Milken Family Foundation National Educator Awards
About Milken Family Foundation National Educator Awards
Dubbed the “Oscars of Teaching” by Teacher Magazine, the Milken National Educator Awards were created in 1985 to attract, reward and retain the highest caliber professionals to our nation’s schools. Texas has participated in the Milken award program since 2000.
“Nothing in America’s K-12 schools has more influence on student learning than the quality of the classroom teacher,” said Lowell Milken, chairman of the Milken Family Foundation. “Highly effective teachers are the bedrock in constructing a world-class education system that meets our challenges and opportunities in this 21st century. It is a national imperative that we attract, retain and motivate people of talent to the profession. America’s prosperity depends on it.”
Since its inception, the Milken Educator Awards have recognized more than 2,600 educators and presented them with more than $64 million in awards to individual educators. To date, 45 Texas educators selected as Milken Educators have collectively received $1.12 million. Milken Educator Award winners are selected based on effective instructional practices and student learning results, exemplary educational accomplishments beyond the classroom, strong long-range potential for professional and policy leadership, and serving as a motivational role model for students, colleagues and the community.
They also join the Milken Educator Network, a coalition of top educators who serve both as expert resources and collaborators to network members as they help cultivate and expand innovative programs and practices in their classrooms, schools and districts.
Value of top teachers
Research shows that the most important school-based factor driving student performance is the quality of the classroom teacher. The most effective teachers produce as much as five times the learning gains as the least effective teachers.

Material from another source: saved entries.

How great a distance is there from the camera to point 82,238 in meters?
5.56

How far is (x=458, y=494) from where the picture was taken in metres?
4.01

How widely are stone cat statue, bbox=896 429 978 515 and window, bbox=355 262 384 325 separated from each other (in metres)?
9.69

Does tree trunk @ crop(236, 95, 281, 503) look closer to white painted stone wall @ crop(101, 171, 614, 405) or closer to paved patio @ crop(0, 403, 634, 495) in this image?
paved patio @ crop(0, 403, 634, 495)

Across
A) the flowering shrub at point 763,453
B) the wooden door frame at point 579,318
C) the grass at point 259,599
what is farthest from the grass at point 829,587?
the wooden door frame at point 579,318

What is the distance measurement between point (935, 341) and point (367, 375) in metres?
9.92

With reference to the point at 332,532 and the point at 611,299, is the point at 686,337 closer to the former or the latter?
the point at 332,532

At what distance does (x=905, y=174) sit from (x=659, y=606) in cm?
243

More information about the Milken Family Foundation National Educator Awards.
2021 Texas Milken Award Winner
Emily Dickerson (TX '21)
Grand Prairie High School
Grand Prairie, TX
Subject(s) taught: Mathematics
Emily Dickerson fosters curiosity, critical thinking skills, and a growth mindset through real-world applications of math. Her algebra students at Texas’ Grand Prairie High School (GPHS) explore exponential functions by studying transmission patterns of COVID-19. When she taught geometry, her students learned to find the midpoint between two points on a coordinate plane by looking at a map of Grand Prairie and calculating the center between the two closest grocery stores. The lesson continued beyond math as the class discussed the concept of “food deserts” and how they might use their findings to advocate to city officials for construction of a community garden or grocery store. Dickerson’s classroom mantra is “Be the change,” encouraging students to make choices each day that will have a positive impact on not only their own futures, but the lives of those around them.

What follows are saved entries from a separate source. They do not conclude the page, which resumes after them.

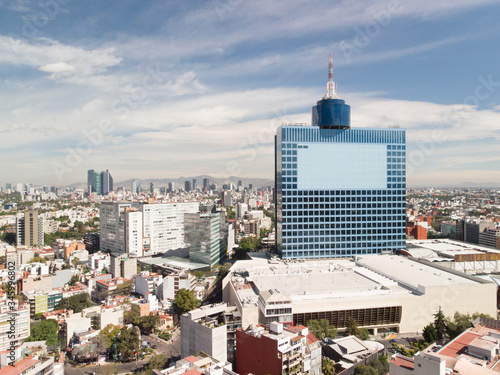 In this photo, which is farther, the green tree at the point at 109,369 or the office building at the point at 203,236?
the office building at the point at 203,236

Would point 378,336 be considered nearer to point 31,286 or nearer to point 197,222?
point 197,222

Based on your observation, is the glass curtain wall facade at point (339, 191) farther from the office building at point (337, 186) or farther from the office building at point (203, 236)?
the office building at point (203, 236)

Dickerson creates an inclusive and respectful environment where student data informs every instructional decision. She is never afraid to try new things, adjusting as she discerns student needs. Hoping to improve student performance, Dickerson instituted small group instruction in Algebra I several years ago. By the end of the 2019-20 school year, students were showing tremendous growth, and Dickerson introduced the strategy to the rest of her team. Grand Prairie partners with the National Institute for Excellence in Teaching (NIET), and Dickerson served as a TAP mentor teacher. Now the math department chair, Dickerson turns department meetings into an extension of her classroom, building in activities she hopes colleagues will use with their own classes. During the pandemic, she modeled the use of breakout rooms to raise teachers’ comfort levels with virtual instruction and shared strategies for building relationships during online learning. Dickerson works with student teachers, mentors new educators, serves on the district math leadership team, and leads professional development for the building and district.
Dickerson is on the GPHS site team for AVID (Advancement Via Individual Determination), a program that helps build college readiness and increase opportunities for historically underrepresented student communities. To raise the program’s profile and expand the impact of its college-going culture across the campus, Dickerson and colleagues created the “My AVID Is Your AVID” buddy system, encouraging 11th graders in AVID to share learning strategies with their peers. Equity is an important focus of Dickerson’s practice. She is part of the committee that advocates for culturally relevant teaching, tackling issues on how to deliver instruction to the school’s diverse student body. Dickerson partnered with the National Alliance for Partnerships in Equity to learn about equitable access to STEM opportunities.
Dickerson earned a bachelor’s in business in 2013 from Baylor University and a master’s in school leadership in 2020 from Southern Methodist University.